Information supplied =
*** Begin section ***

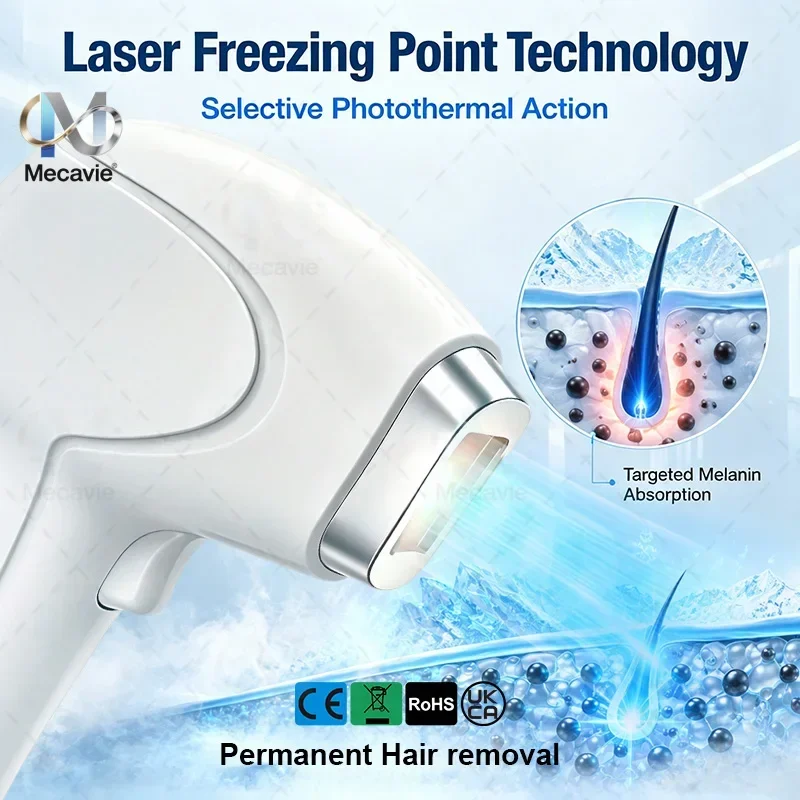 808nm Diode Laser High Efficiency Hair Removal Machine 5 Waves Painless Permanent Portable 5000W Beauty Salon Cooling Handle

*** End section ***
*** Begin section ***

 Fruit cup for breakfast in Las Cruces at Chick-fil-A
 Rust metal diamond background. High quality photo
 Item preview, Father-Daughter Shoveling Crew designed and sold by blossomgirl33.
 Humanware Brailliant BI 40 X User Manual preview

*** End section ***
*** Begin section ***

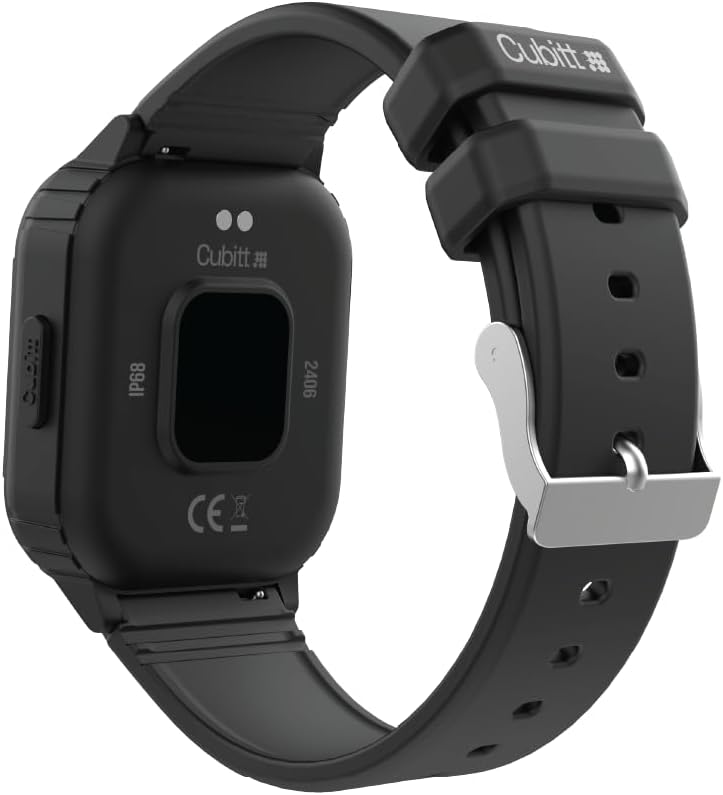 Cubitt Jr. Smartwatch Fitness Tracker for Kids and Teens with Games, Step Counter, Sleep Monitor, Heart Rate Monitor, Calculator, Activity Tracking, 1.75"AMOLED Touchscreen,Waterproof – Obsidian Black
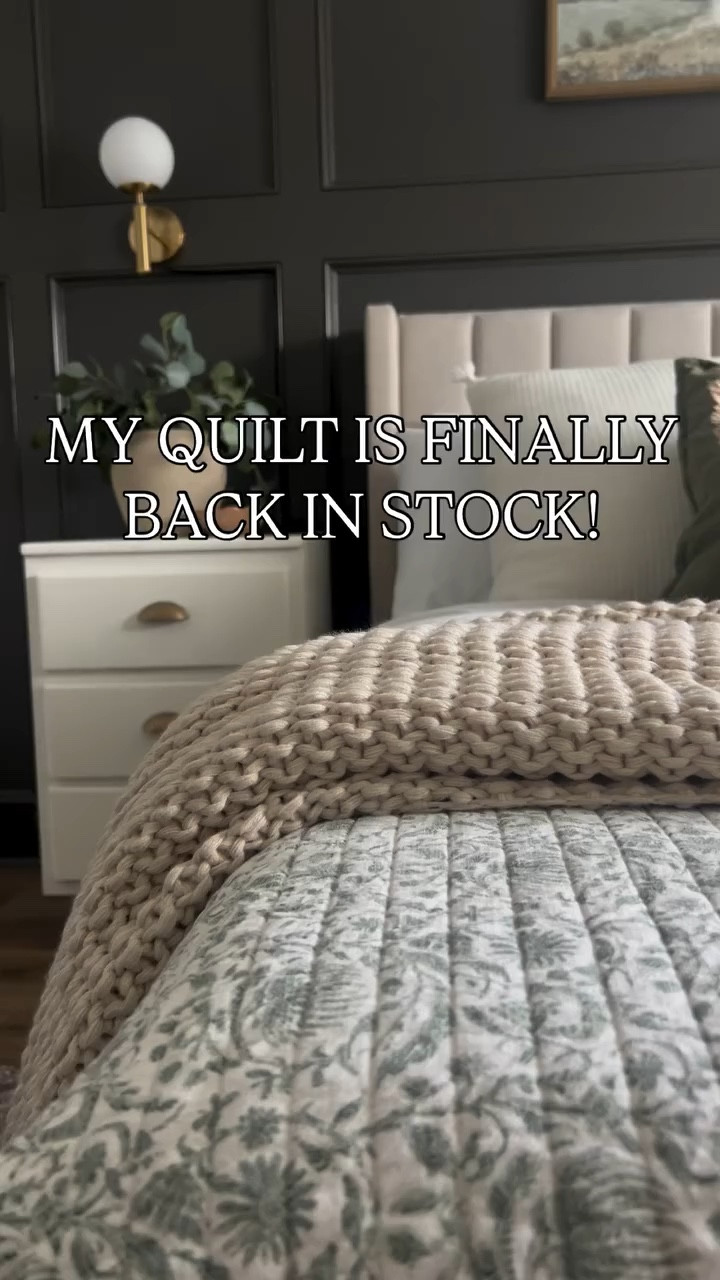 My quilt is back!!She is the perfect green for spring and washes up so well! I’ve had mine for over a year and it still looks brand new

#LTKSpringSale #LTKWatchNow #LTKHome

*** End section ***

What the task asks = Could you set down, exactly as written, the lines above between the one holding "Rust metal diamond" and the one holding "Humanware Brailliant BI", inclusive, and nothing more?

Solution for this exercise =
 Rust metal diamond background. High quality photo
 Item preview, Father-Daughter Shoveling Crew designed and sold by blossomgirl33.
 Humanware Brailliant BI 40 X User Manual preview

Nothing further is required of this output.